YOUR OBJECTIVE
With the pictures removed, please write out every line below exactly as given.

RECORDED DATA
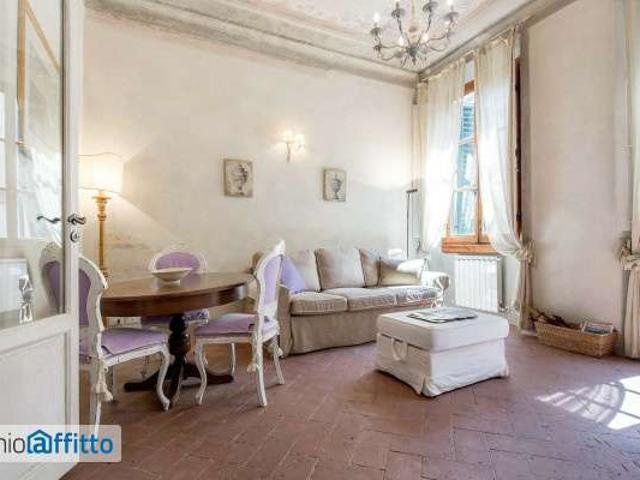 Appartamento Centro storico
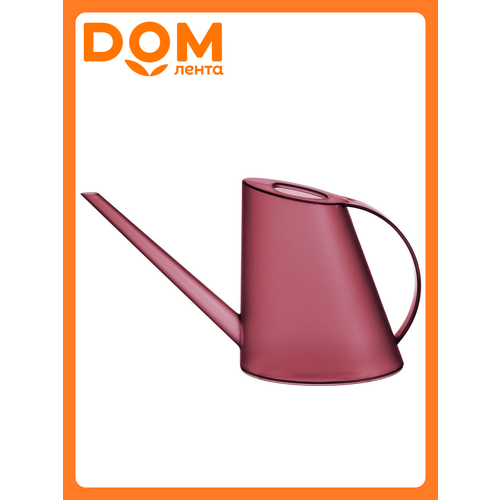 ���������� ����� ��� ������ ROXELLA ���������-�������� 1,5 �
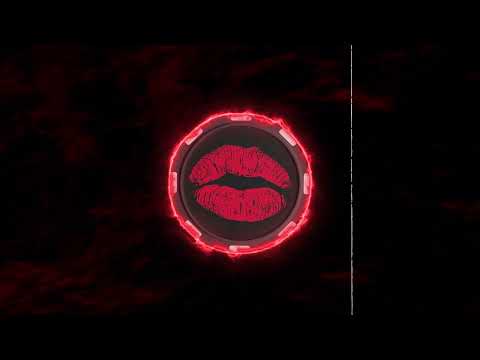 [FREE] Tyga x Cardi B Type Beat 2022 - "Pokerface" | Free Club Type Beat | Club Banger Instrumental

RESPONSE TO THIS TASK
 Appartamento Centro storico
 ���������� ����� ��� ������ ROXELLA ���������-�������� 1,5 �
 [FREE] Tyga x Cardi B Type Beat 2022 - "Pokerface" | Free Club Type Beat | Club Banger Instrumental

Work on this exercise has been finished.